WHAT THE EXERCISE ASKS: Exactly reproduce the entries, dropping any pictures from your copy.

EXTRACTED DATA:
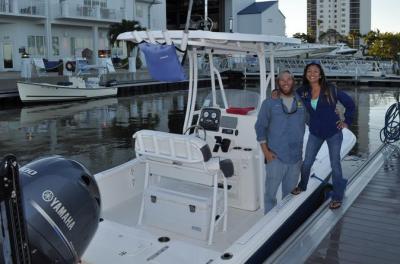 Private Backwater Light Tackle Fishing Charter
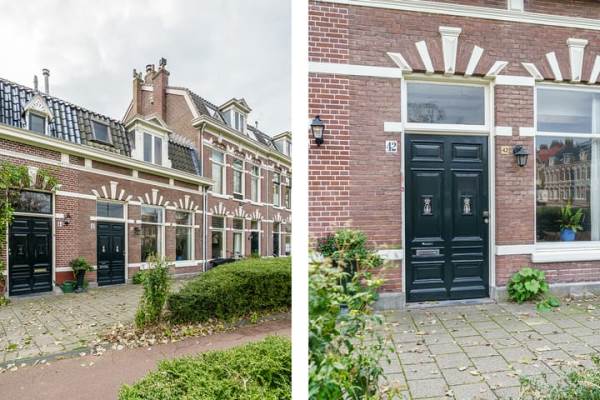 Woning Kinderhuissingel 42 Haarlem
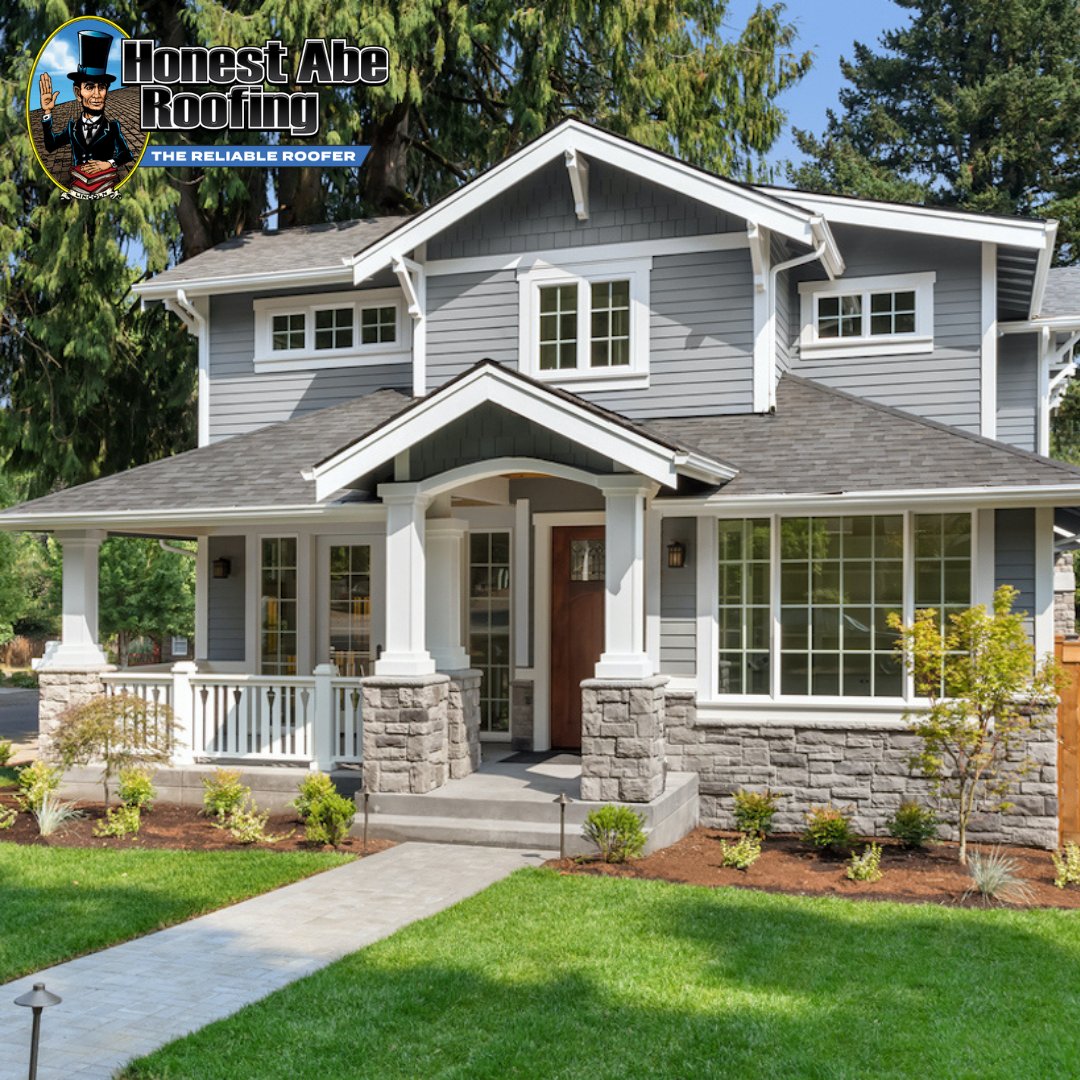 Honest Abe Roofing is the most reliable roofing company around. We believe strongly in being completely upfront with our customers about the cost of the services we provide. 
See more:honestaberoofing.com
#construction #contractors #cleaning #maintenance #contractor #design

RESULT:
 Private Backwater Light Tackle Fishing Charter
 Woning Kinderhuissingel 42 Haarlem
 Honest Abe Roofing is the most reliable roofing company around. We believe strongly in being completely upfront with our customers about the cost of the services we provide. 
See more:honestaberoofing.com
#construction #contractors #cleaning #maintenance #contractor #design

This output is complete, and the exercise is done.